La muerte es la madre de la belleza; por eso
sólo de ella vendrá el cumplimiento de nuestros sueños
y nuestros deseos. Aunque ella esparce por nuestros
senderos las hojas de la destrucción,
el sendero que tomó la doliente pena, los muchos senderos
por donde el triunfo hizo sonar su fanfarria descarada,
o donde el amor impulsado por la ternura algo susurró.
Ella hace que el sauce tiemble al sol
para las doncellas que solían sentarse y contemplar
los prados, abandonados a sus pies.
Ella induce a los muchachos a amontonar más ciruelas y peras
en desdeñadas bandejas.

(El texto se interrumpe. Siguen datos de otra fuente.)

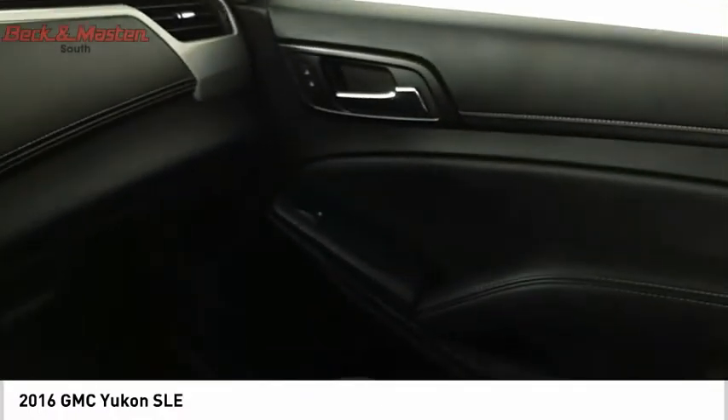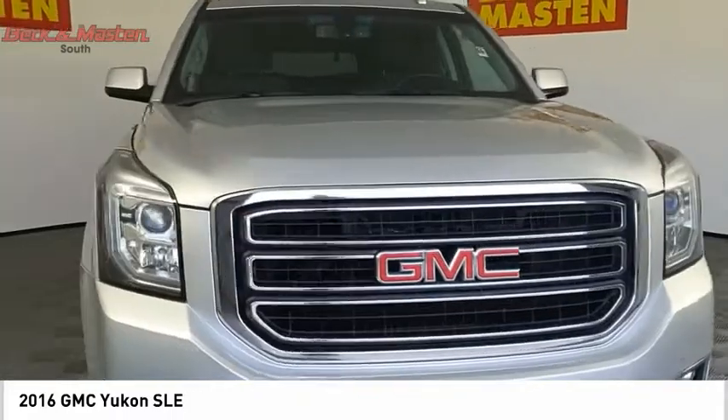Take this vehicle for a spin and see why so many shoppers are now proud owners.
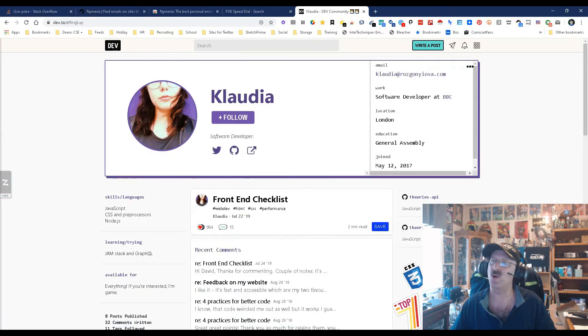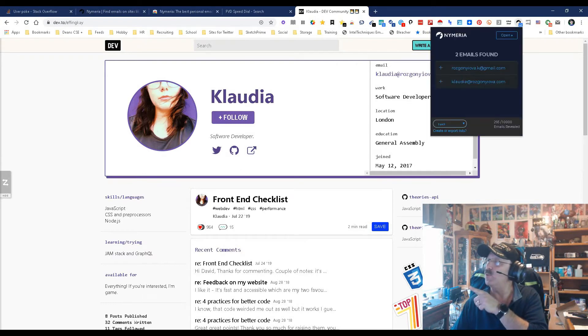Let's see what else it can do. It's also going to go ahead and start working on another site called dev.to. I did a video and a blog on dev.to — it's another great site to source developer types. We're on somebody named Claudia here, and if we go up to Numera, Numera's got emails.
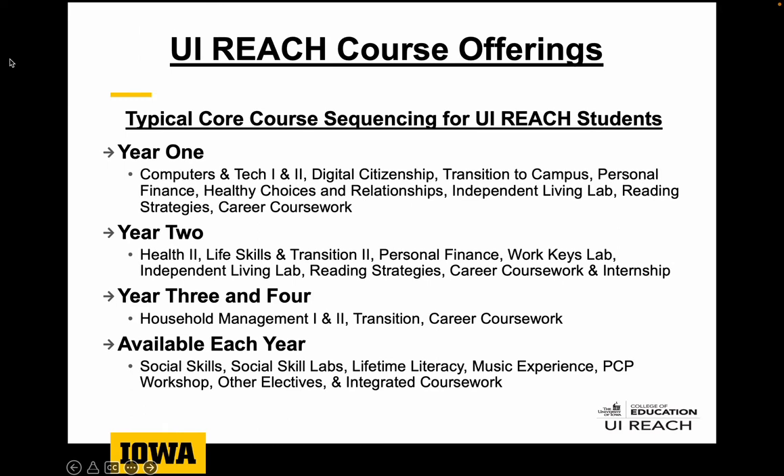Here's an outline of what a typical course sequence might look like for most UiReach students. Not all students will follow the same progression, but the majority take most of the classes listed under each year. Early on we're hitting on transition to campus, computer skills, and personal finance. These are all applied skills that students will use not only here but that can be built on for years to come, as well as beyond campus as they get ready for independent living and life on their own.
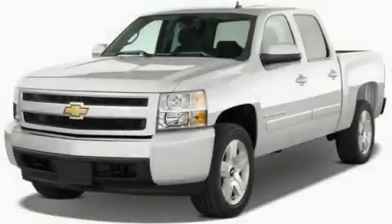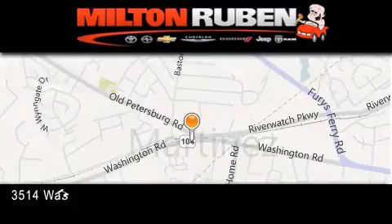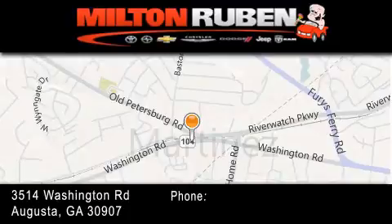Contact us today to arrange your test drive. Come experience the Drive Baby advantage here at the Milton Rubin Superstore.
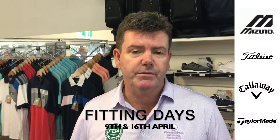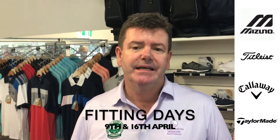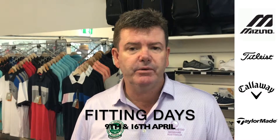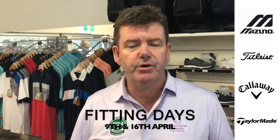What's coming up in April? There's a lot coming up — we've got some massive fitting days. We have Mizuno, we have Callaway, Titleist, TaylorMade. So watch this space: on the 9th of April and the 16th of April we've got these fitting days, so you must book in the pro shop.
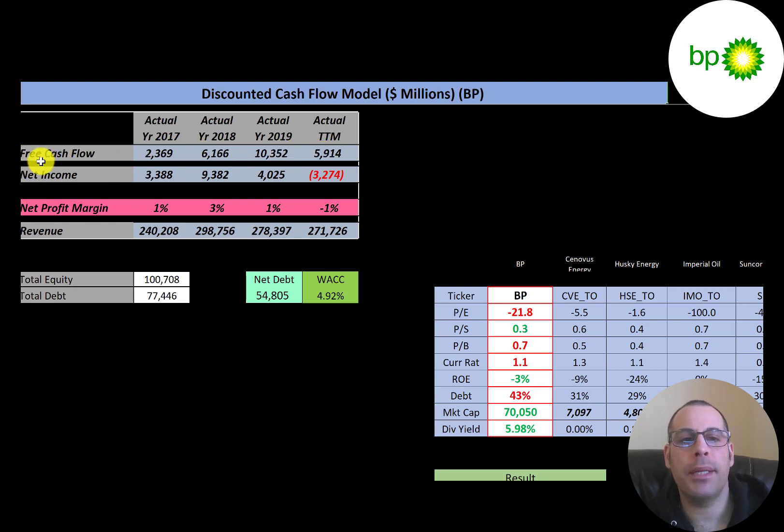Net income is the profit and loss on the income statement — revenue minus expenses. They have positive net income in 2017, 2018, and 2019, but negative in the trailing 12 months. Revenue represents sales for the company — they have lots of it, from $240 billion up to $271 billion, peaking at $300 billion in 2018. Profit margins are really low, just one to three percent, because there are lots of expenses.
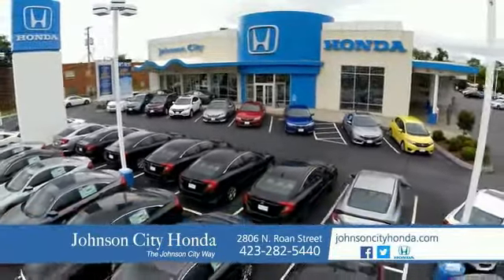We love our customers and the great products that we sell. That's the Johnson City way. Johnson City Honda, Johnson City.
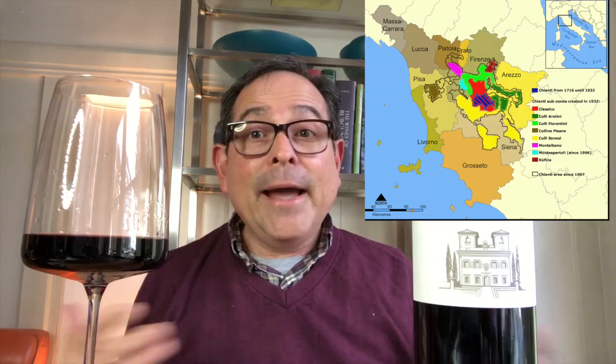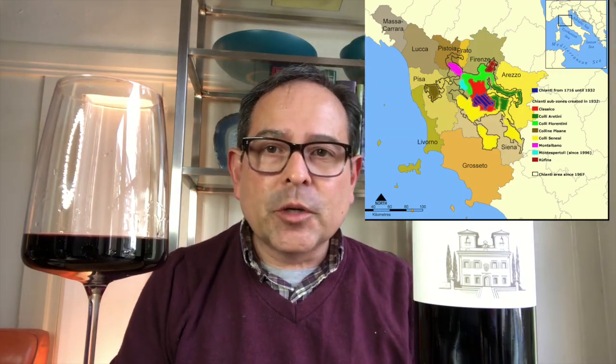Lovely wine here, and to me I think this is representative of finely made wines from Chianti Classico Reserva. I'll show you a map right here where Chianti Classico is. There are many Chianti regions as you can see on this map, and some gorgeous wines are produced in this region.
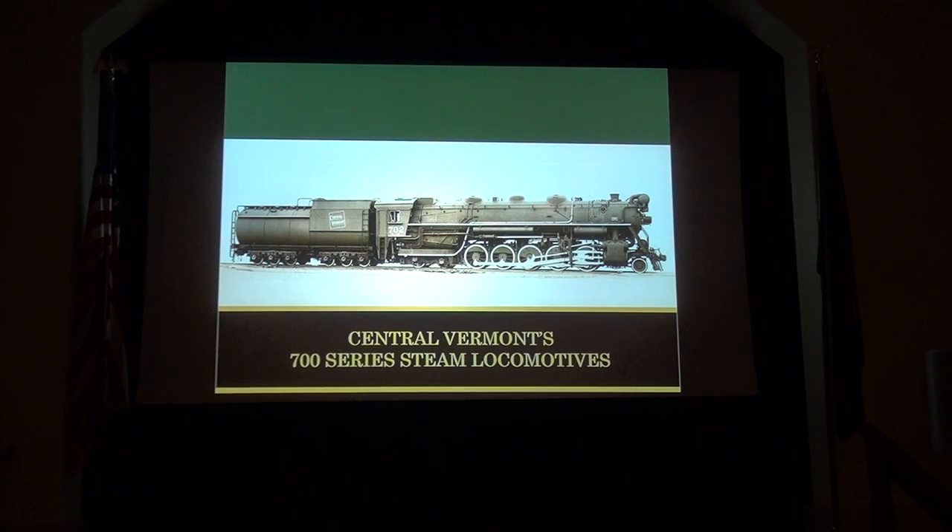This is the last program of the night and it's about the 700 steam locomotives. Equipment doesn't normally mean anything to me, but these are nice looking locomotives. I mean, they're just beautiful. I like them.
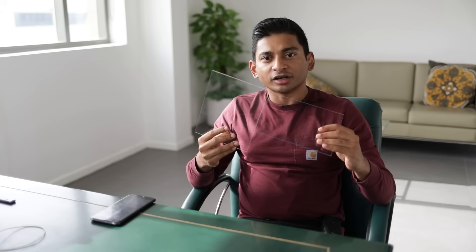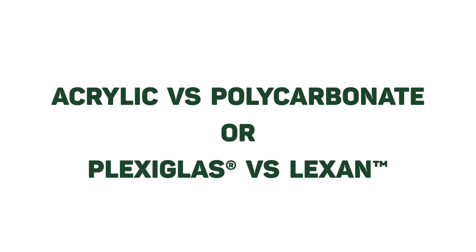Acrylic and polycarbonate may seem like identical products, but they're totally different — especially in their chemistry, cost, and production possibilities. In this episode I want to talk about the pros and cons of each. This is not necessarily about why one product is better than the other, but more about the differences so that you can choose the right product for your next project.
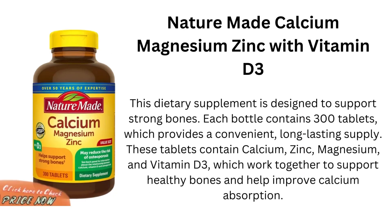Number 3 is Nature Made Calcium Magnesium Zinc with Vitamin D3. This dietary supplement is designed to support strong bones. Each bottle contains 300 tablets, which provides a convenient, long-lasting supply. These tablets contain calcium, zinc, magnesium, and vitamin D3, which work together to support healthy bones and help improve calcium absorption.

Las doncellas prueban
y se extravían apasionadamente por las desordenadas hojas.

VI

¿No habrá en el paraíso otra muerte?
¿No cae jamás el fruto maduro? ¿O las ramas
cuelgan siempre henchidas bajo ese cielo perfecto,
inmutable y sin embargo tan similar a nuestra perecedera tierra
con ríos como los nuestros, siempre en busca
de inencontrables mares, y playas que se alejan
y que nunca tocan con articulado dolor?
¿Por qué plantar el peral en las márgenes de esos ríos,
o perfumar las playas con el aroma del ciruelo?
¡Ay, que luzcan allí nuestros colores,
la sedosa trama de nuestras tardes,
y hagan vibrar las cuerdas de nuestros insípidos laúdes!
La muerte es la madre de la belleza, mística,
y en su ardiente regazo entrevemos
a nuestras madres terrestres que esperan, insomnes.


VII

Ágil y turbulento, un círculo de hombres
cantará, orgiástico, una mañana de verano,
su tumultuosa adoración del sol,
no como un dios, sino como uno que podría ser un dios,
desnudo entre ellos, como una fuente salvaje.
Su canto será un cántico del paraíso,
salido de la sangre, retornando a cielo;
y en su canto entrarán, voz tras voz,
el tempestuoso lago donde su señor se deleita,
los árboles como serafines, y las colinas con sus ecos
que prolongan el coro hasta mucho tiempo después.
Ellos conocerán bien la celestial camaradería
de los hombres que sucumben y de la estival mañana.
Y el rocío de sus pies dirá de dónde
han venido y hacia dónde irán.

VIII

Ella escucha, sobre esa agua sin ruidos,
una voz que grita: “la tumba en Palestina
no es el pórtico de los espíritus que se demoran.
Es la sepultura de Jesús, donde Él yació”.
Vivimos en un antiguo caos del sol,
o en la vieja dependencia del día y la noche,
o en la soledad insular, libre, sin tutela,
de esas anchurosas aguas, ineludibles.
Los ciervos recorren nuestros montes, y las codornices
silban en torno de nosotros sus espontáneos gritos;
dulces bayas maduran en el páramo,
y en la soledad del cielo, al atardecer,
peregrinas bandadas de palomas describen
ambiguas ondulaciones al hundirse en la oscuridad,
sobre las abiertas alas.


EL HOMBRE DE NIEVE

Se debe poseer un espíritu de invierno
para observar la escarcha y las ramas
de los pinos encostrados de nieve;
y haber tenido frío durante largo tiempo
para contemplar los enebros erizados de hielo,
los rudos abetos en el distante resplandor
del sol de enero; y no pensar
en ningún dolor en el sonido del viento,
en el rumor de unas pocas hojas,
que es la voz de la tierra
llena del mismo viento
que sopla en el mismo desnudo paraje
para el que escucha, el que escucha en la nieve,
y, nada en sí mismo, contempla
esa nada que no está allí y la nada que está.